Oh the little things…
Of course, my family and friends were my main concern, but beyond that, there were so many little things that I was worried about missing for the next year. Some of the most dear to my heart would be the little things: Siracha hot sauce, television, and my dad’s cooking. And then there was the fact that I had to leave my car behind; even though it is a piece of crap (a 1999 Toyota Camry), I knew I would miss driving my little baby.

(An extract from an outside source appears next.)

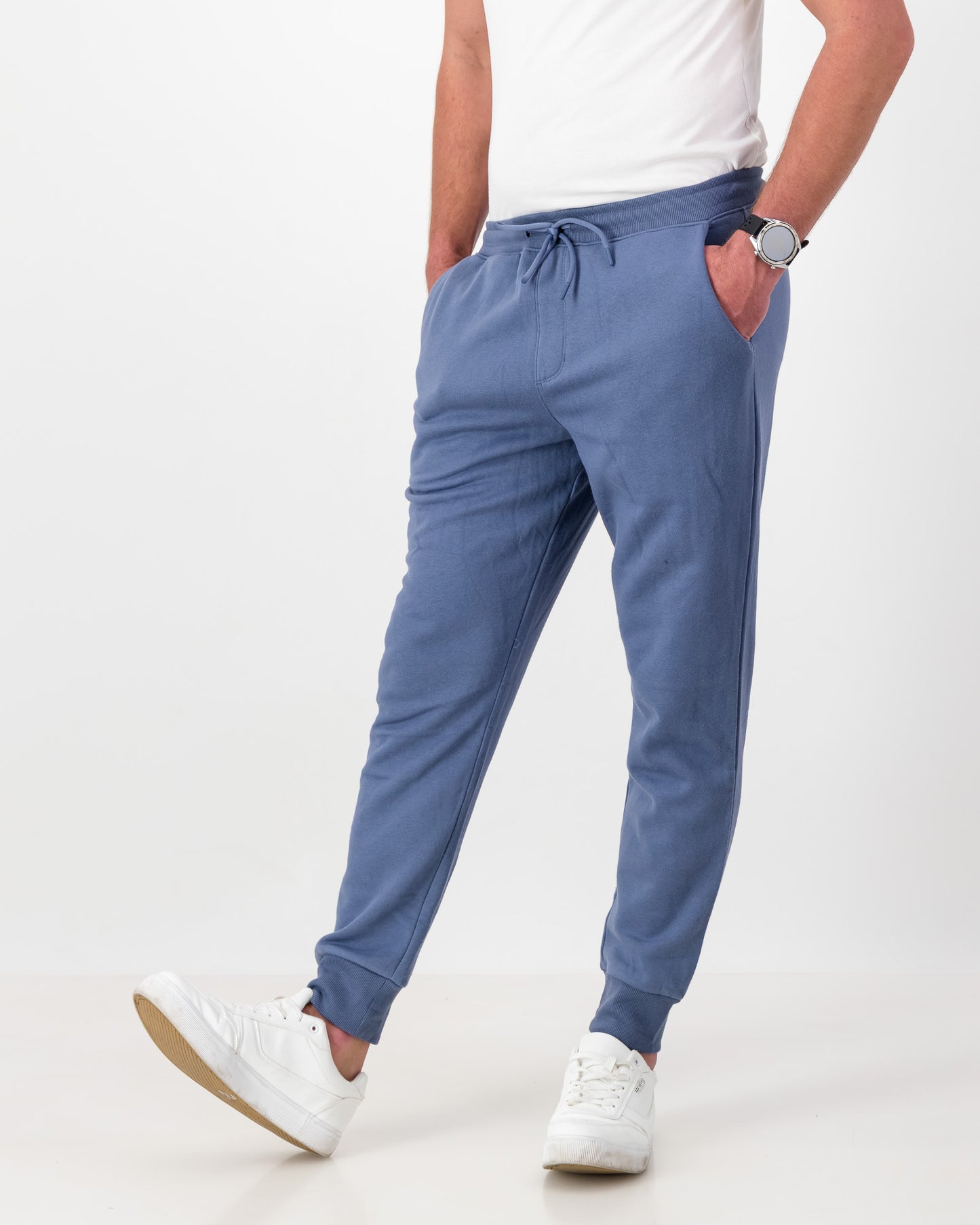 EcoEase Unisex Trackpants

Coming now to present day, I feel that same feeling again. But now it’s all reversed. I keep thinking about all the things I am going to miss leaving Ireland. Once again, the people are the biggest thing, but there are so many little things: the chocolate, which is drastically so much better than the chocolate in America (DRASTICALLY, I really can’t stress how good it is), or the biscuits, which are really just cookies here but somehow they just do them so much better than us. When I left the states, I was worried about not being able to drive, now I think about how I will miss living in a city where I don’t need to drive. I’ve grown to love my weekly walks to Aldi, or runs along the Liffey and the back street of Dublin. I think about how easy it is to get on the DART (their rail system) and ride one stop over to walk along the sea or go to a hike along the cliffs in Howth, or the Wicklow mountains; beautiful scenery is not a scarce thing when living in Dublin! And of course, I miss my dad’s cooking and dinner with my family, but I am already thinking about how I will soon be missing dinners at Maeve’s (Maeve=Meteors manager aka our everything), where a light dinner seems to always turn into the most extravagant meal I’ve ever had.
I’m not sure that I anticipated the attachment I would have to the people, places and things in Ireland when was coming over, but somewhere over the past couple of months, that attachment has grown and everyday keeps growing. I know I still have tons of time left here, but going into the second semester has made me reflect that my time here may end sooner than I realize, so I really need to embrace all these things I love. I like to try to eat healthy, but I can’t not eat the chocolate here, or I can’t not eat the brown bread and biscuits (am I right?!). And I love sleeping in, but on a sunny day, I need to wake up early and take advantage of the daylight and go for a morning hike.
These moments won’t last forever, so time to make em’ count.